Twenty years ago, the idea that B-cell depletion could treat multiple sclerosis would have been greeted with a hearty laugh by any well-respected neurologist or MS researcher — or perhaps a scoff. But times change and research advances.

Today, a medicine that gets rid of certain B-cells may be the most powerful drug yet developed against MS — even benefitting primary progressive patients who, until now, had no approved therapies for their condition.

With the approval of Ocrevus (ocrelizumab) now in hand, Multiple Sclerosis News Today looks at how this game changer of an MS drug came into being.

The early days

“The journey of ocrelizumab in MS started about 15 years ago,” Dr. Peter Chin, a neurologist and the principal medical director of Global Neuroscience Development at Genentech, said when Multiple Sclerosis News Today spoke to him in February.
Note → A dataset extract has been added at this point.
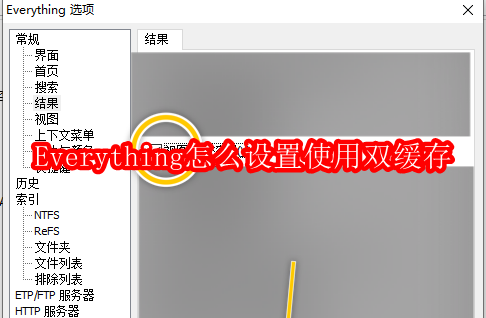 Everything怎么设置使用双缓存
For academic researchers, the work started even earlier. On a backdrop of skepticism, some began thinking outside the box. They had noted that autoantibodies seemed to be involved in MS disease processes, but only in conjunction with disease-causing T-cells.

But since the antibodies, seen in both human patients and animal models, were of so many different sorts, the researchers turned their sights to B-cells. A proportion of B-cells become antibody-producing plasma cells; by targeting these cells, the scientists reasoned, maybe it would be possible to get to the autoantibodies.

At that point, Genentech began to work with the academic researchers to launch a small clinical trial in patients.

The first small proof-of-concept studies yielded surprising results: It was apparent that B-cells carrying the CD20 molecule on their surface played a more prominent role in disease mechanisms than anyone had previously thought.

While the research community at large remained highly skeptical about treating MS with B-cell depleting drugs, the science began speaking for itself. The first clinical trial showed that a single administration of a B-cell depleting drug reduced the presence of inflammatory brain lesions by 91 percent, and significantly reduced relapses, measured six months after treatment.

First tested for MS was a different Genentech B-cell depleting compound — Rituxan (rituximab). It had been developed for B-cell cancers, and was gaining ground as a treatment for autoimmune conditions.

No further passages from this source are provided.